(※写真はイメージです/PIXTA)
厳格な父が残したの1枚のメモ
「父は昔ながらの“堅物の親父”でした。口数も少なく常識人。羽目を外しているところは、一度も見たことがありません」
津田大輔さん(45歳・仮名)です。今年初め、父・和彦さん(享年71歳・仮名)が倒れ、1ヵ月後、息を引き取りました。厳格だった父との関係は、決して密なものではなかったと大輔さんは振り返ります。葬儀を終え、気落ちする母を支えながら、大輔さんは実家の遺品整理を始めました。
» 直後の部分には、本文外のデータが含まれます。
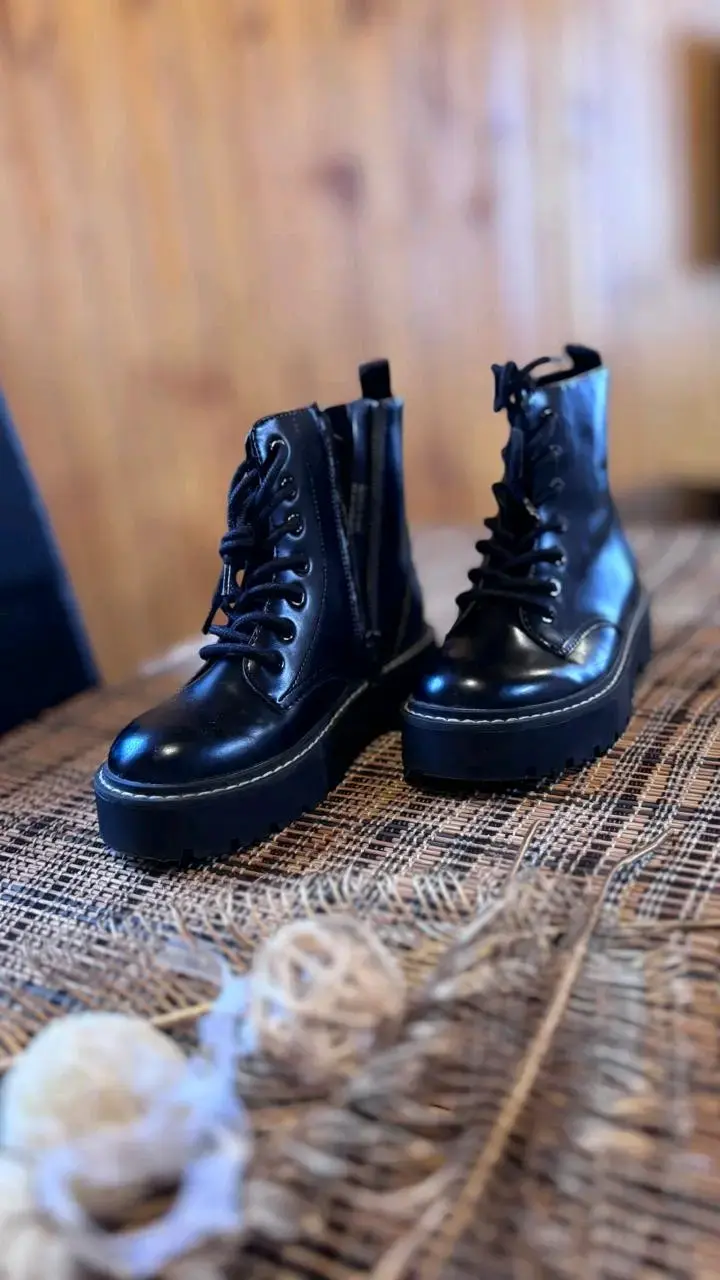 Botines negros de cuero para niña - 2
質素倹約、質実剛健……父を表現するのにピッタリな四字熟語です。無駄なものはなく、すぐに終わるだろうと考えていたといいます。
「父の書斎を整理していたとき、本棚の奥から、使い古された革の手帳が出てきました。パラパラとめくると、一枚の付箋が挟まっていました」
そこには、和彦さんのものと思われる几帳面な文字で「ID/PAS」とだけ書かれ、いくつかのサイト名らしきアルファベットと、意味不明な文字列が並んでいました。
「何の気なしに、書斎の隅に置かれたままだった古いデスクトップパソコンの電源を入れてみたんです。父がパソコンを使っている姿など、ほとんど見たことがなかったのですが……」
付箋にあった「PCログイン」らしき文字列を入力すると、驚いたことにデスクトップ画面が現れました。そこには、家計簿ソフトのアイコンと、見慣れないネット証券会社のブックマークがありました。大輔さんは、恐る恐るその証券会社のサイトを開き、付箋に書かれた別のIDとパスワードを入力。ログインボタンをクリックした次の瞬間、一郎さんは自分の目を疑いました。画面に表示された「資産評価額」の欄には想像だにしなかった「5,000万円」という金額が並んでいたのです。
「父さん、嘘だろ」と思わず声が出た大輔さん。堅物で、金銭に無頓着だと思っていた父は、実はやり手の投資家だったかもしれない……大輔さんがまったく知らなかった「父の裏の顔」を垣間見た瞬間だったといいます。